• Instructions for the task
Transcribe precisely those lines of the listing that fall between the line containing "Sunrise hyperlapse moment" and the last line, inclusive of both.

• Data
=-=-=

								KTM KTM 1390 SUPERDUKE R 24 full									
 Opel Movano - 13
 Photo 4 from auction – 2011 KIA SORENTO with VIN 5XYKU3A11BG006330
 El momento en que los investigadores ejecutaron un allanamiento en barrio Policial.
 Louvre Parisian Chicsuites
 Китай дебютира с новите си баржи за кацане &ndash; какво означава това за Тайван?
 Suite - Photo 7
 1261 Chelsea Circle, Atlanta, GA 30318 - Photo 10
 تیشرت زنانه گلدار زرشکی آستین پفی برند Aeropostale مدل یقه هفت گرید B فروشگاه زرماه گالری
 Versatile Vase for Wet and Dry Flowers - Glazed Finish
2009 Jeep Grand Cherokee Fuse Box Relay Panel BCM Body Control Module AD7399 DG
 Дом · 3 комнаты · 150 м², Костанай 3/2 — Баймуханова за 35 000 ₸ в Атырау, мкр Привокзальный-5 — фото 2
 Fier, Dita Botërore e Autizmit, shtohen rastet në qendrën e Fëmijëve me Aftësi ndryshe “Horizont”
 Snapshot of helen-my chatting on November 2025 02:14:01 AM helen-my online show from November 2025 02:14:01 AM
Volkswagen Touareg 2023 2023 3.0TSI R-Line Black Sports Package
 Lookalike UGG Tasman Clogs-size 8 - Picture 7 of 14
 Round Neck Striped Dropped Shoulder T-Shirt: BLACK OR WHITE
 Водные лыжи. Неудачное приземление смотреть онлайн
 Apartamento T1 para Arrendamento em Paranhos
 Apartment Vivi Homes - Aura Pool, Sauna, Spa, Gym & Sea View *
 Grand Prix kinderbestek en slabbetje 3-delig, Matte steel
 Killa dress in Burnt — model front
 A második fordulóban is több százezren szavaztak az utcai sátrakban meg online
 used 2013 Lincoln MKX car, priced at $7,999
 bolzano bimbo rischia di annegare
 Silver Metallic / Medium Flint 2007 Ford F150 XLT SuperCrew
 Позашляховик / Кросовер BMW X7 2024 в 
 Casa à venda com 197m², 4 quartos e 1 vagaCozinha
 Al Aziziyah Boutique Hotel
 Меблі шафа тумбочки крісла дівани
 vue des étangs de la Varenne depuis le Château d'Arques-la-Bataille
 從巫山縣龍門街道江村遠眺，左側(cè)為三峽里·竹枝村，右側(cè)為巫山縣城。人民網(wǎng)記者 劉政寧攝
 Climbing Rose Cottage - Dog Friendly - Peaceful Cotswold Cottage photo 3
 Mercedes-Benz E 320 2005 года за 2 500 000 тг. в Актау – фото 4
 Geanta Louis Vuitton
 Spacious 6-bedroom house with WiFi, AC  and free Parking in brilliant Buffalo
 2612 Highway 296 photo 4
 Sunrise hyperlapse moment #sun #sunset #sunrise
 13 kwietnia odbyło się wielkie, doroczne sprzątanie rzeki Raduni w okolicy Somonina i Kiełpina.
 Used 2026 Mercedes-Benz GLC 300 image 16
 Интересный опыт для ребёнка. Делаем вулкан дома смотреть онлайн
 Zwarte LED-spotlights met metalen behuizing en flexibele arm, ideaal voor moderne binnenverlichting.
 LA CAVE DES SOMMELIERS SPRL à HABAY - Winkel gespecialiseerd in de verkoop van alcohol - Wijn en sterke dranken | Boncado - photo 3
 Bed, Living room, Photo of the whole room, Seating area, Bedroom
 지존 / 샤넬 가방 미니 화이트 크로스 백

=-=-=

• Solution below
 Sunrise hyperlapse moment #sun #sunset #sunrise
 13 kwietnia odbyło się wielkie, doroczne sprzątanie rzeki Raduni w okolicy Somonina i Kiełpina.
 Used 2026 Mercedes-Benz GLC 300 image 16
 Интересный опыт для ребёнка. Делаем вулкан дома смотреть онлайн
 Zwarte LED-spotlights met metalen behuizing en flexibele arm, ideaal voor moderne binnenverlichting.
 LA CAVE DES SOMMELIERS SPRL à HABAY - Winkel gespecialiseerd in de verkoop van alcohol - Wijn en sterke dranken | Boncado - photo 3
 Bed, Living room, Photo of the whole room, Seating area, Bedroom
 지존 / 샤넬 가방 미니 화이트 크로스 백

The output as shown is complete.